It has hitherto been proposed to form the perforatipns in such tubing by passing the unperforated tubing after its formation in, for example, a blow-moulding apparatus to an apparatus in which rotary cutter means is engaged with the walls of the tubing to form the required perforations. Such apparatus is disclosed in US patent 3 957 386 and in Canadian patent application 260 094 filed on August 27, 1976. The forms of apparatus disclosed in the above-numbered US patent and Canadian patent application are, however, relatively complex.

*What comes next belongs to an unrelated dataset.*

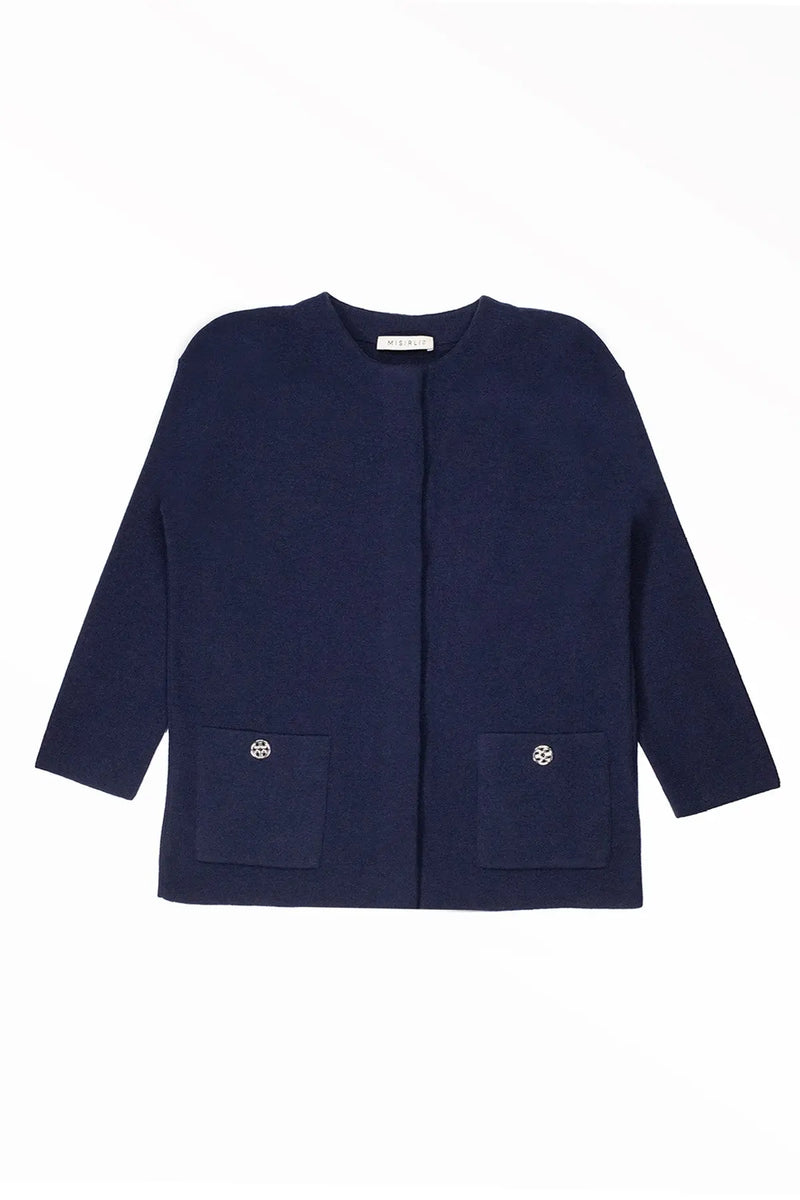 Lacivert Cepleri Düğmeli Kadın Ceket  Mısırlı 1951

According to the present invention there is provided apparatus for perforating tubing, the apparatus comprising drive means for advancing tubing along an axial path thereof, at least one cutter rotatably mounted in a rotary path which intersects the tubing and which is in a plane substantially at right angles to said axial path, for intermittent intersection of the tubing by the cutter, means mounting said cutter by means intermittently engageable with the tubing for moving the cutter by the tubing in a direction parallel to said axial path from a rearward position to a forward position during operative intersection of the tubing by the cutter, a return member for returning the cutter from the forward position to the rearward position between operative intersections of the tubing by the cutter, and support means for supporting the tubing and restraining the tubing against rotation thereof about said axial path during operative intersection of the tubing by the cutter.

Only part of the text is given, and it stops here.